By the end of March 1994, Cobain was confronted with an intervention and convinced to put himself in detox/rehab in Los Angeles. He only stayed for about a day, then hopped the clinic's six-foot wall and fled. By April 2nd, he was spotted in a few places around his stomping ground Seattle. By April 5th, he ended up at his big secluded home. His body was found April 8th, shotgun to the head, body pumped of heroin, a suicide note nearby...
Man, I've been blogging so long even my articles are having anniversaries. But I digress.
As I've noted before, my generation - X - remains an odd, almost schizophrenic grouping split between overly aggressive conservative wingnuttia and the apolitical disaffected. Caught between the hypocrisy of the Boomers and the confusion of the Millennials, we've become a rather cynical, disconnected lot. Cobain's fate seems to echo down the years for us.

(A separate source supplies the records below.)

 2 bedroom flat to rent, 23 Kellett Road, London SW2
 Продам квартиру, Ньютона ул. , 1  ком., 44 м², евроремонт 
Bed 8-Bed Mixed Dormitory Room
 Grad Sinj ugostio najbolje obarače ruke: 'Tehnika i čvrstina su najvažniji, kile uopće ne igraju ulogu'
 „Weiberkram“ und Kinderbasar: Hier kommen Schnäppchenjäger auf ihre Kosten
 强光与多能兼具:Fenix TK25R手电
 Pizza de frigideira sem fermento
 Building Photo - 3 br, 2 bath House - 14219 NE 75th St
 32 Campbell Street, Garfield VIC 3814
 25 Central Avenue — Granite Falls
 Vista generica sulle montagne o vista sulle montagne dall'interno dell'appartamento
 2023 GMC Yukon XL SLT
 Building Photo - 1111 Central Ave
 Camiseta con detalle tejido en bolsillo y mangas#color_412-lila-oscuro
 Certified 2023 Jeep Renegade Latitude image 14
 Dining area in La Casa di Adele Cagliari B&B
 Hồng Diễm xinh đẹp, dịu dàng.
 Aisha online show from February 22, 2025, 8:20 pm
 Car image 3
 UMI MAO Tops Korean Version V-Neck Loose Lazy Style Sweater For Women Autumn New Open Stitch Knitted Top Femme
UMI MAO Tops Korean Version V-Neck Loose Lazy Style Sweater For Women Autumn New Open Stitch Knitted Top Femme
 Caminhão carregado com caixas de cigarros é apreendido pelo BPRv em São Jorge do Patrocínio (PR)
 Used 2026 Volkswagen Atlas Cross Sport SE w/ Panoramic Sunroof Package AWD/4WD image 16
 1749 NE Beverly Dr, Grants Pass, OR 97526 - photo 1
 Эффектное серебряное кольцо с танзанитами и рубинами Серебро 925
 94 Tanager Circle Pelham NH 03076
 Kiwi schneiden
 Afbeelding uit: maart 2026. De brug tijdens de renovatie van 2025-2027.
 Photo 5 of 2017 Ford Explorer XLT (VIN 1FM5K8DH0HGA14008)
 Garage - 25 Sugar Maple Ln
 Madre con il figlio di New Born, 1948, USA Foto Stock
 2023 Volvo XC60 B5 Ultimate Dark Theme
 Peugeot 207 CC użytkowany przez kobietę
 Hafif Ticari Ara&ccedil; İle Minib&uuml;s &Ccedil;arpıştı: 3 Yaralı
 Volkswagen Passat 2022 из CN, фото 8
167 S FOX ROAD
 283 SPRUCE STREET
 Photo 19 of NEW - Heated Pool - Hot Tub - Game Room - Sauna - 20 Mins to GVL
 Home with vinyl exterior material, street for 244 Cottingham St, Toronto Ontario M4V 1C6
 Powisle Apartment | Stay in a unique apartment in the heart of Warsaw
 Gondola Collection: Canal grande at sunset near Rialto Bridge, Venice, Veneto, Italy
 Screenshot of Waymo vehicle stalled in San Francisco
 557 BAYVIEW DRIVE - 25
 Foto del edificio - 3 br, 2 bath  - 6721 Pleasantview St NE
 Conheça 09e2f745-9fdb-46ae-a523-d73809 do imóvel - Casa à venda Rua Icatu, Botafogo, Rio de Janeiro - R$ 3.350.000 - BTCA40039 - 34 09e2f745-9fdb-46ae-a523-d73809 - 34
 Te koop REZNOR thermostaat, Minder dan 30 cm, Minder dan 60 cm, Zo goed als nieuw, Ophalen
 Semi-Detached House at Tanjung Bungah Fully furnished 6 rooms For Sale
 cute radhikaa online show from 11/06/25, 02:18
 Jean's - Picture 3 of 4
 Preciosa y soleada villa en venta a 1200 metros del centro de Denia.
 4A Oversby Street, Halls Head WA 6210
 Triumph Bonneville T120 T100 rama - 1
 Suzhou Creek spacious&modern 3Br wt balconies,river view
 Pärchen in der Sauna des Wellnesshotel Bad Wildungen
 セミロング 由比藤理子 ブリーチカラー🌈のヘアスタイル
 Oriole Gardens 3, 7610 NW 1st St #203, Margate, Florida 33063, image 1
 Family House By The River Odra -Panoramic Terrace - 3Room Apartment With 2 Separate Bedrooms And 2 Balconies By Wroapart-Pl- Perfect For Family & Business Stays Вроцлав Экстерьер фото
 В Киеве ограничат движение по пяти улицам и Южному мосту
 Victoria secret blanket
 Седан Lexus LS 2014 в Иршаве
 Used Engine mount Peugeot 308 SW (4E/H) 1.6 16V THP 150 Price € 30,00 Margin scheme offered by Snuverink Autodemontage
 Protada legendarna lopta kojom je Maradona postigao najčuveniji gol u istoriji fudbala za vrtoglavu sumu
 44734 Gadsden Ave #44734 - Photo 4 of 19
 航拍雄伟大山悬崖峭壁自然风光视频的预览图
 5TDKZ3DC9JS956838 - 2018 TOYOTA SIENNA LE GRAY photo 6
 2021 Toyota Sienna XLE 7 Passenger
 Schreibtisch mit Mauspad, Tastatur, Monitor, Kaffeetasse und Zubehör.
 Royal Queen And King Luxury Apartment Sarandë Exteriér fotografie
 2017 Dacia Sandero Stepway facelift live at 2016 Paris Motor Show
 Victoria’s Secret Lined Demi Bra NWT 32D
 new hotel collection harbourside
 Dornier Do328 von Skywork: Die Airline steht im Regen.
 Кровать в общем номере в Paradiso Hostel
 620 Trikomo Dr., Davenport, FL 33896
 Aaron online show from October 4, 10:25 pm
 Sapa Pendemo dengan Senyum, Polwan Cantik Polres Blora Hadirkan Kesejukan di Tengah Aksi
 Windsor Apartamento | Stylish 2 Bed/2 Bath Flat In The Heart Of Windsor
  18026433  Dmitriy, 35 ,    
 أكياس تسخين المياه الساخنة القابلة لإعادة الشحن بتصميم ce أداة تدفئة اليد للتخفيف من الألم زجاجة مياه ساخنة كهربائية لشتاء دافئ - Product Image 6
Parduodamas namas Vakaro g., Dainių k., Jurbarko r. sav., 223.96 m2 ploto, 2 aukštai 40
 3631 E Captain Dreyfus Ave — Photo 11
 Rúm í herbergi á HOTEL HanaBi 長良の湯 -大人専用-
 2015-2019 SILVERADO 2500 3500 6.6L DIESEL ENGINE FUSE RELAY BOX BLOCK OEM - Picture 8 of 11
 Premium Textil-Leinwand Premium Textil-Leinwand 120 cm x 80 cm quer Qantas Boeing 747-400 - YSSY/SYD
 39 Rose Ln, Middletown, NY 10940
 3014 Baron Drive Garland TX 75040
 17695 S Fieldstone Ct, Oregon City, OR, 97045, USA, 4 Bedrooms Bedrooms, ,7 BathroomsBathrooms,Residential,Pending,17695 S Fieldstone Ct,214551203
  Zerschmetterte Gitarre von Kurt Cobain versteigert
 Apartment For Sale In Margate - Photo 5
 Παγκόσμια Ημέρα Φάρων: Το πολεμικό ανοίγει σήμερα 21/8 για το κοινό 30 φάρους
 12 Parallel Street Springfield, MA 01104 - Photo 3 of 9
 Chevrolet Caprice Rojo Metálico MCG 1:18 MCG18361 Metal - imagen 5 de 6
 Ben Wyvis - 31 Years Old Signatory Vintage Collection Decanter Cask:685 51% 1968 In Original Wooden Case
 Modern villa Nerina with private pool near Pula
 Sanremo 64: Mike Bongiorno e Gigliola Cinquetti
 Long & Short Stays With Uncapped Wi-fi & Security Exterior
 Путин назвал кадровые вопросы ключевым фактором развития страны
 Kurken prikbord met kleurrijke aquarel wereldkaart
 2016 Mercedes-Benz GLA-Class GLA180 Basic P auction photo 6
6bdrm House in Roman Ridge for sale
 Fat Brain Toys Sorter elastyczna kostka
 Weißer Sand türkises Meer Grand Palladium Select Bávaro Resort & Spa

We're in our fifties now, well into aging parenthood with OUR kids graduating college while we're sitting around wondering where our MTV went (music videos are mostly on YouTube anymore). We're a bit miffed that CDs are getting phased out for streaming services, unable to place our Nirvana albums on any sound system that might still be in our living rooms. At least vinyl is making a comeback.
Time keeps moving. We're further away from April 1994 than ever before, and next year will be farther still. Frances Bean is in her 30s now, just married her second time and trying to get on with her life, and it's just a sad regret that Kurt didn't stick around to see if she's happy or not.
1 comment:
He was a weird dude, but he did more for the career of one of my very favorite bands, the Meat Puppets in one video taping than they had managed in fifteen years of relentless touring.